Sen. Dick Blumenthal (D-Conn.) said on Thursday that if Donald Trump Jr. didn't comply with a subpoena to testify before Congress that he should face prison time. That's according to two people familiar with the subpoena who discussed it on condition of anonymity.
Asked if the White House would fight the subpoena, Trump said, "We'll see".
The panel's investigation, led by Burr, has been running for more than two years, and the committee has interviewed numerous same witnesses who spoke to special counsel Robert Mueller's team. It's time to move on.

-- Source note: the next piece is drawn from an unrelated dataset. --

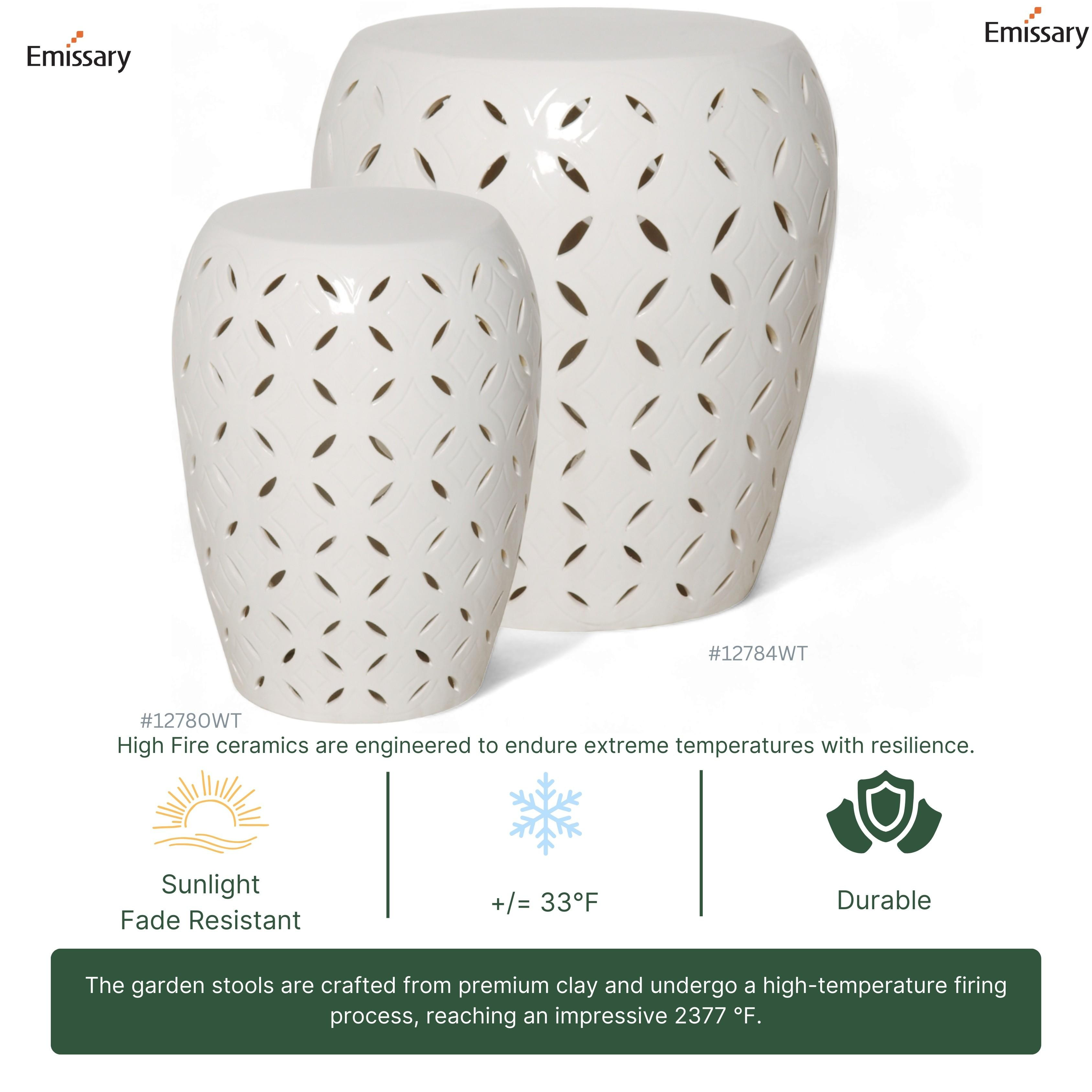 22 in. Lattice Garden Stool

Trump Jr. has previously met with three congressional committees, including the Senate Intelligence Committee in December of 2017, with whom he met for more than nine hours as part of their investigation into Russian interference in the 2016 presidential election.

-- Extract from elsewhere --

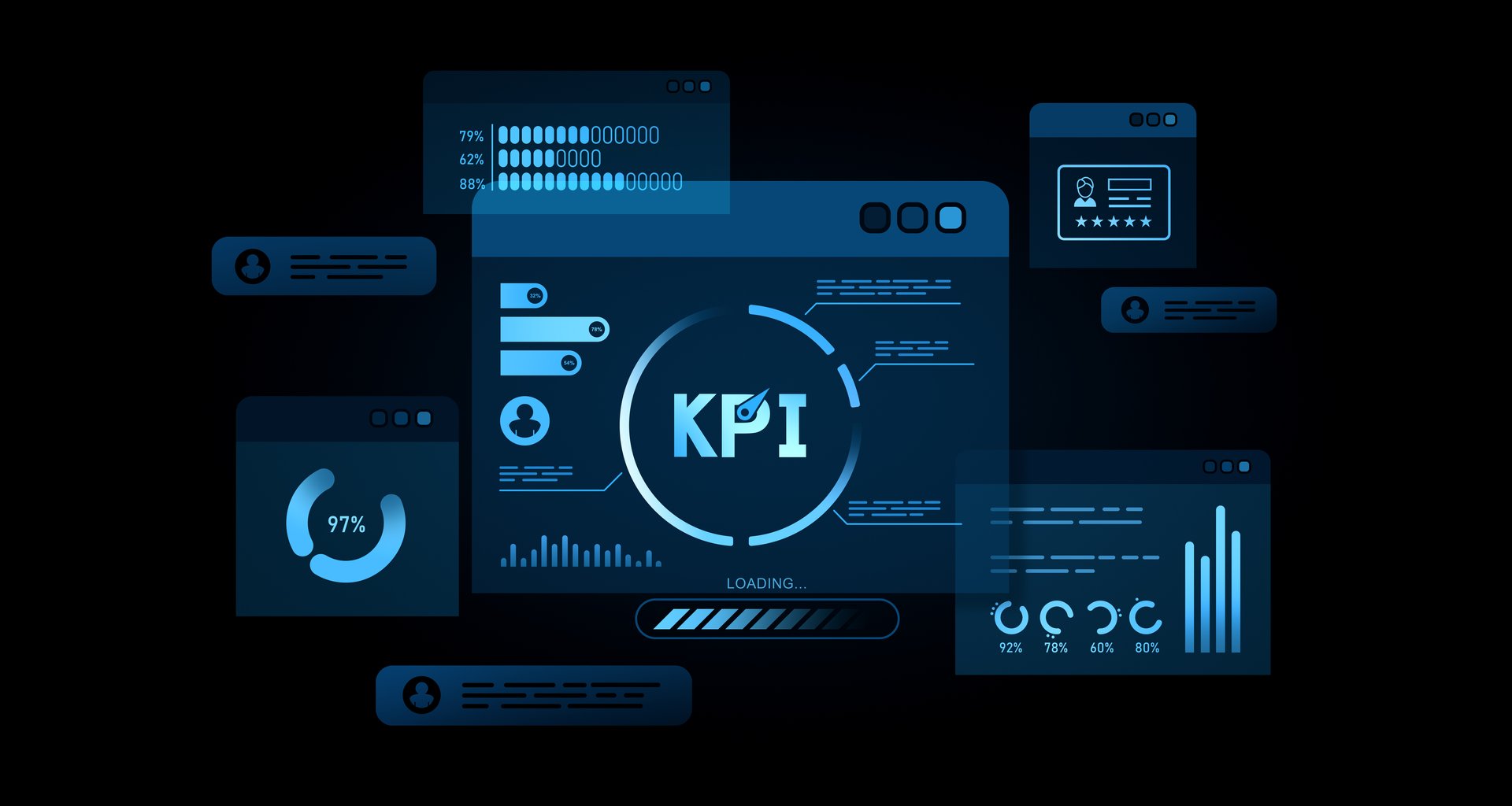KPI dashboard interface with various data visualizations on a dark background. Concept of business analytics. 3D Rendering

China backtracked on all aspects of trade commitments with US
If the 25% tariff were extended to the rest of Chinese exports to the U.S. that might knock a further 0.3 percentage points off GDP.

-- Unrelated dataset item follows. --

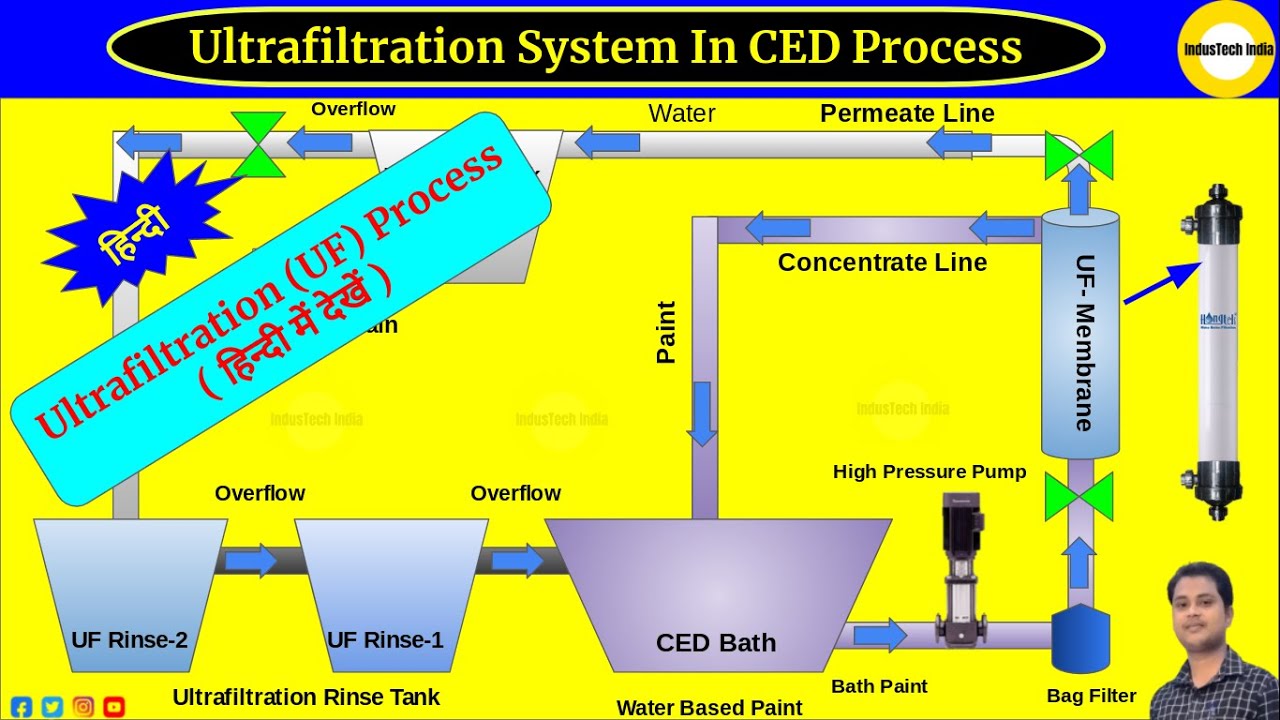 Ultrafiltration System In CED Process LI Membrane ultrafiltration-system-in-ced-process-li-membrane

House Minority Leader Kevin McCarthy, R-Calif., ripped those fellow Republicans calling for Trump Jr.to return to Capitol Hill, saying in a tweet that "endless investigations by either party won't change the fact there was NO collusion". Trump also said he had already testified for a "massive amount of time". Kentucky Sen. Rand Paul a day earlier tweeted that Burr apparently "didn't get the memo from the Majority Leader that this case was closed".
The surprise subpoena was issued by a Republican-led committee, opening a new source of strain between the Congress and a White House battling the legislature's pressure on multiple points. Trump Jr. told the Senate Judiciary Committee in a separate interview in 2017 he was only "peripherally aware" of the proposal. Trump last week said that it was Barr's call, but later declared on Twitter that Mueller should not testify. The subpoena was issued now because Senators want to question him themselves, they said.
The Trump administration is also refusing to turn over copies of the president's personal and business tax documents requested by House Democrats. Trump on Wednesday invoked the principle of executive privilege over that material, claiming the right to block lawmakers from receiving it.
Warner made the comments at a breakfast hosted by the Christian Science Monitor.